Rwandan children in Ntarama

Heidi. I am so weary from lack of sleep. It’s Saturday 5:00 PM. No sleep since Thursday night/Friday morning. I guess it’s 11:00 AM your time. Every time I look at my watch I think of you. I wonder what you are doing – what you might be dreaming of. We are still on the plane but we must be getting close by now.

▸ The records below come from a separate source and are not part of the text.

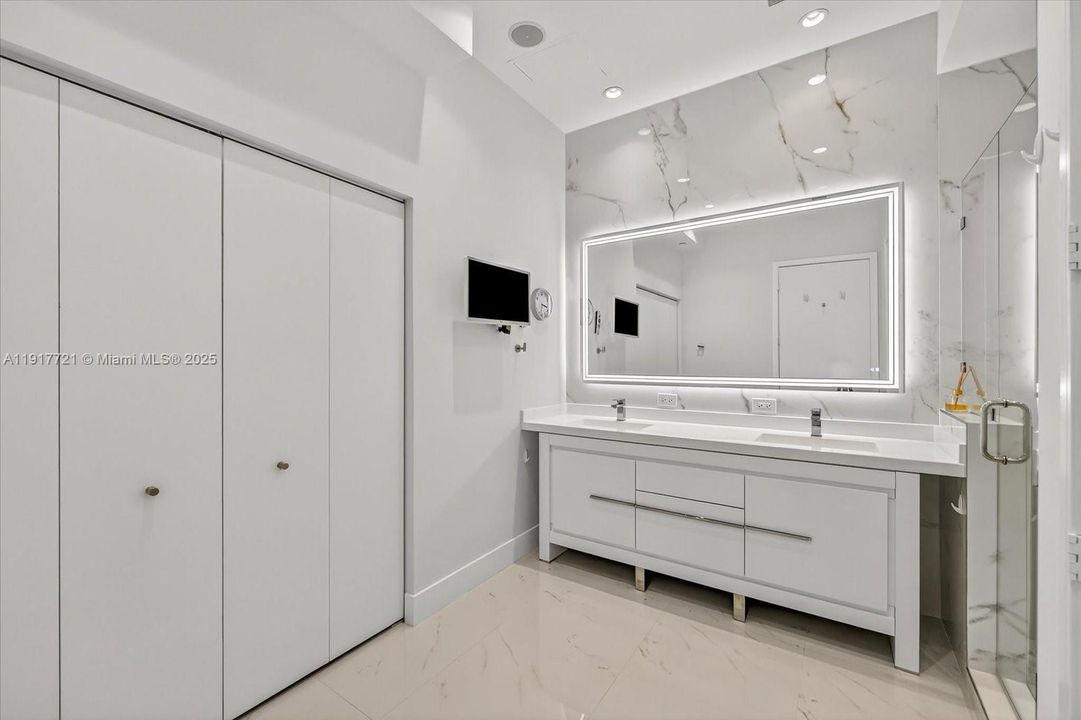 Под контрактом: $15,000 (3 спален, 4 ванн, 2631 Квадратных фут)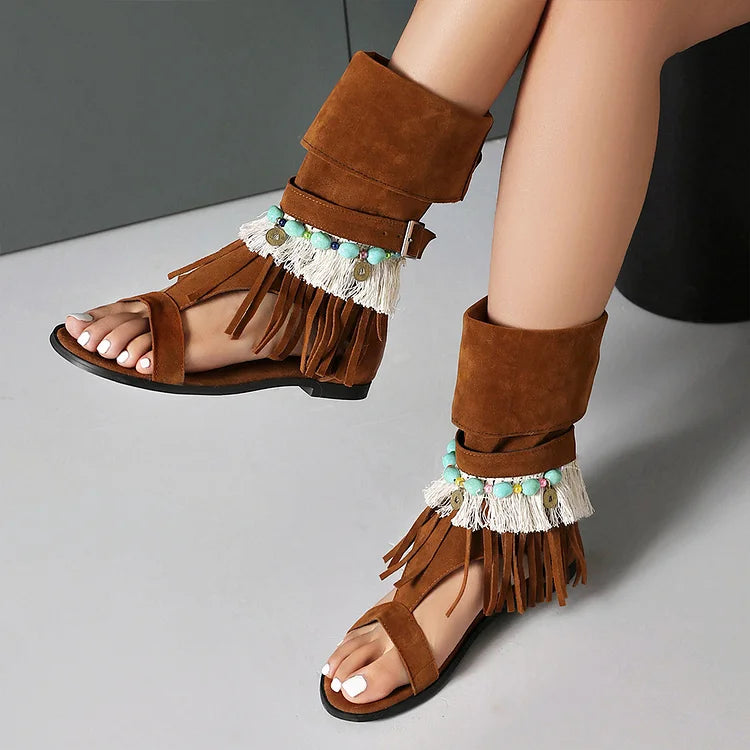 Koronkowe sandały na wysokiej platformie z odkrytymi palcami, ozdobione koralikami, kolorowymi blokami i frędzlami, z wiązaniem i cholewką typu botki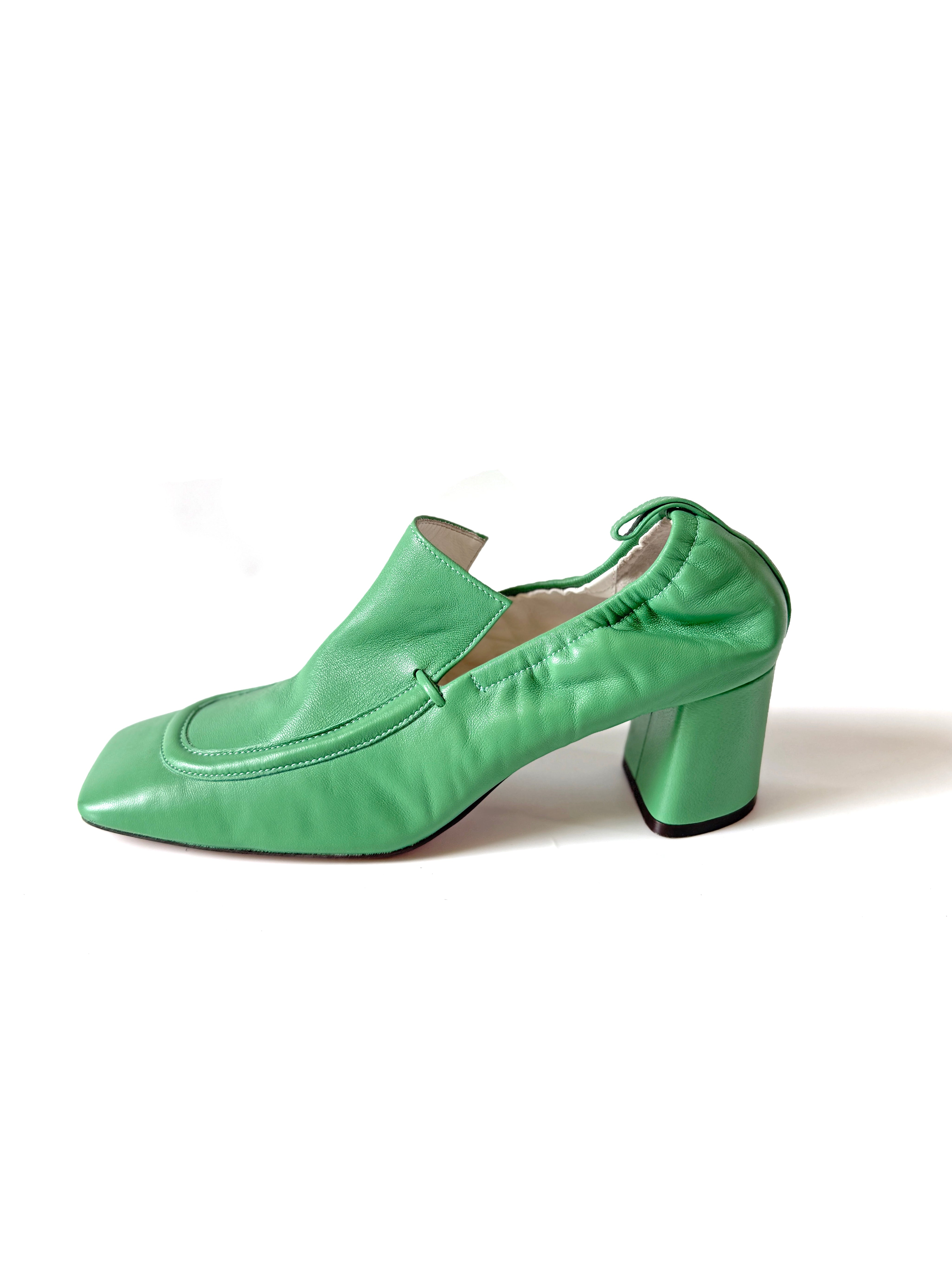 SAMPLE 10 - size 37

In the airport in Belgium I know that you would have enjoyed watching all the people. Seeing thousands of faces (Charlotte, New York City, Brussels) always makes me marvel at how wonderfully unique we are. No two people are alike. Incredible. God. When I look into all of these beautiful faces I miss your face. Sometimes I’ll see someone from behind with hair that looks like yours or who walks like you or I’ll hear a snatch of laughter that sounds like you. Then you come swimming back to me. And I am grateful. Seated at the gate in Brussels we were with everyone going to Rwanda. Beautiful people. Exotic to me. So many have a look similar to Immaculee. Dark, beautiful smiles. I know that you would recognize their beauty. The God in them.

On the plane a little one has had a hard flight. She has cried a lot and whined a lot. Some of the grown ups around her can hardly stand it. You can see it on their faces. Her beautiful mom just hugs her and sings to her and rocks her. And it makes me think of you because you would recognize the beauty in the mom’s kindness, in their love for each other. You hear music in babies’ cries. The God in them.

A Rwandan child with lovely elaborate braids is asleep on the fold down table. Peaceful. Serene. Two Belgian guys are walking down the aisle. Older guys. One stops for a moment and takes in the breathtaking beauty of this innocent little scene. One nudges the other drawing his attention. They both stare at her. Just for a few seconds and then move on. You would have appreciated that little moment. That Godness.

In the airport all announcements were in French, English and some other language (German?). The people who work there are so adept at subtly seeking your language before talking to you. I think French is the default language but they switch over so fast. Incredible to me. Cindy got me a bottle of water so when we got coffee, I bought. $4.00 for water. $4.00 for coffee.

I think of you when I read words put together well or when I hear laughter, when I hear a baby cry or see an old man’s wrinkled smile. Because you would appreciate these things too. I see the world partly through your eyes. And my life is better because of it.